**EXERCISE DESCRIPTION**
The listing below should be printed exactly, though its pictures must not be.

**RECORDED DATA**
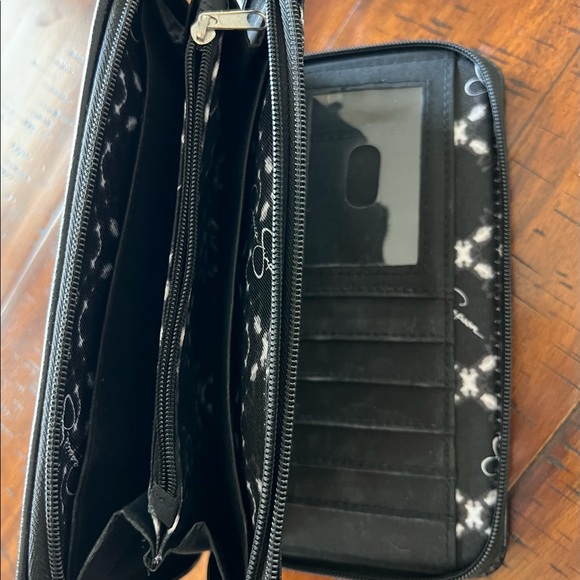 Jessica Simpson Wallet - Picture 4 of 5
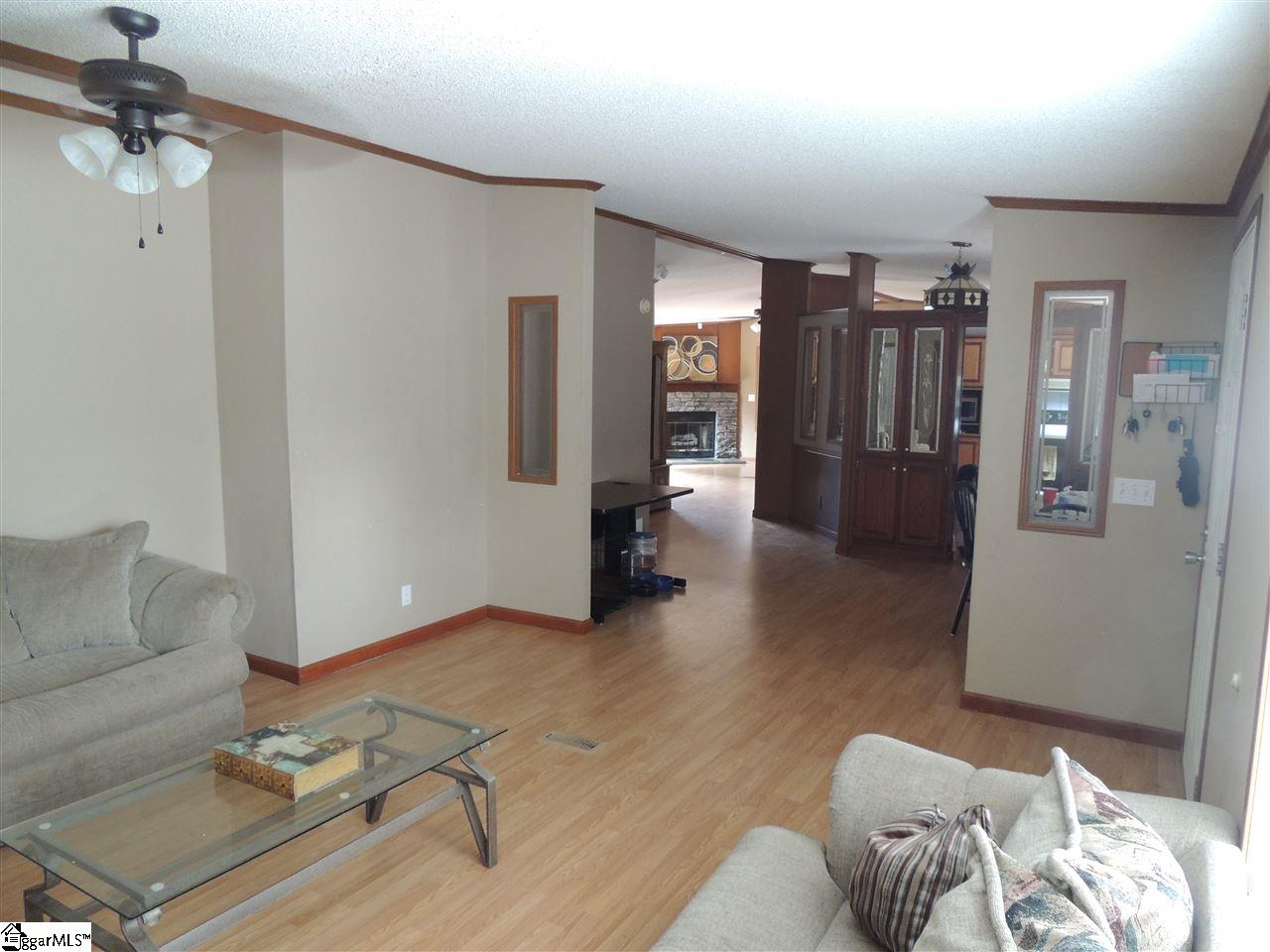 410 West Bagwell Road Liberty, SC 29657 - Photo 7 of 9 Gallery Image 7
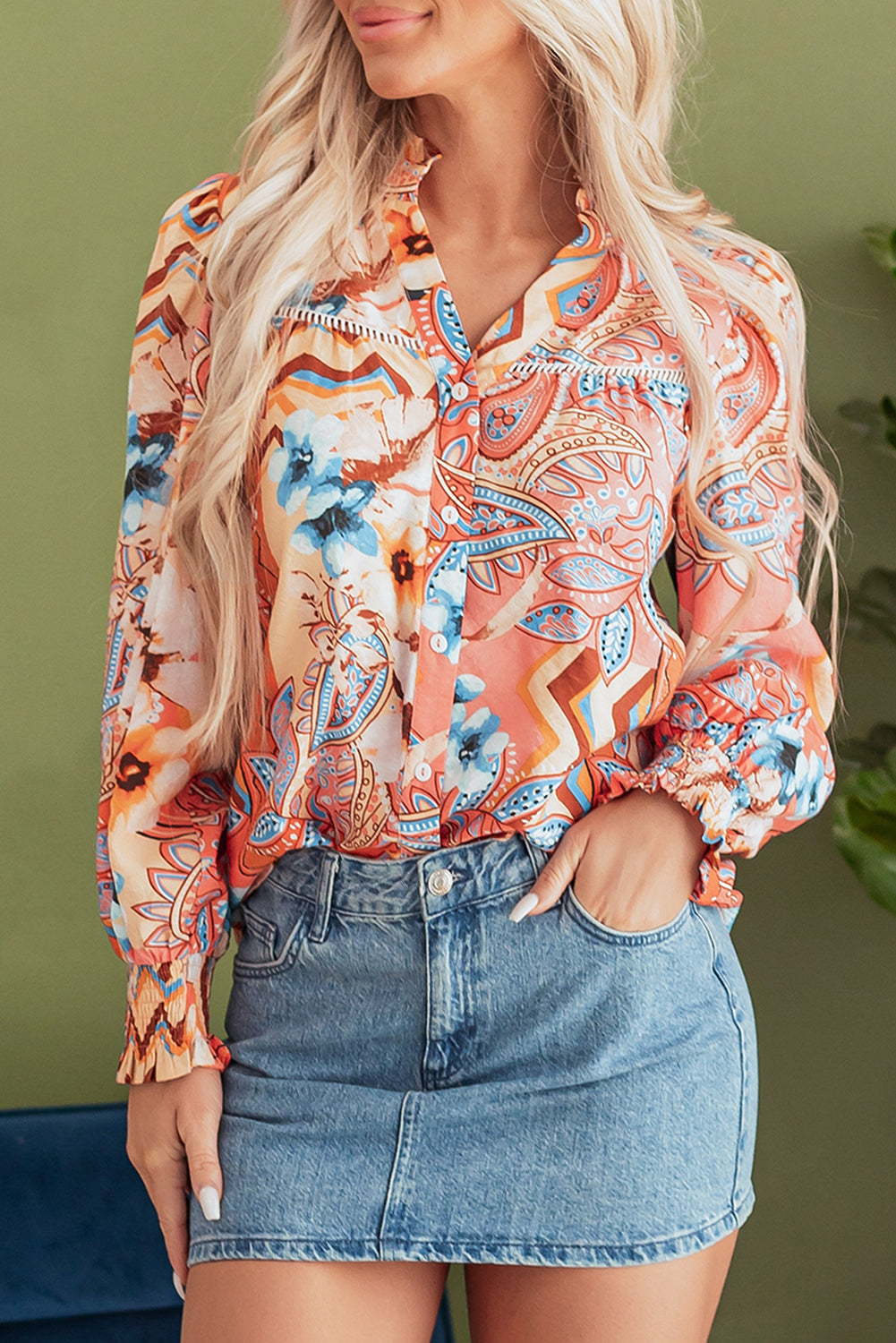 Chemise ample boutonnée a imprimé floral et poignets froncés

**RESPONSE AREA**
 Jessica Simpson Wallet - Picture 4 of 5
 410 West Bagwell Road Liberty, SC 29657 - Photo 7 of 9 Gallery Image 7
 Chemise ample boutonnée a imprimé floral et poignets froncés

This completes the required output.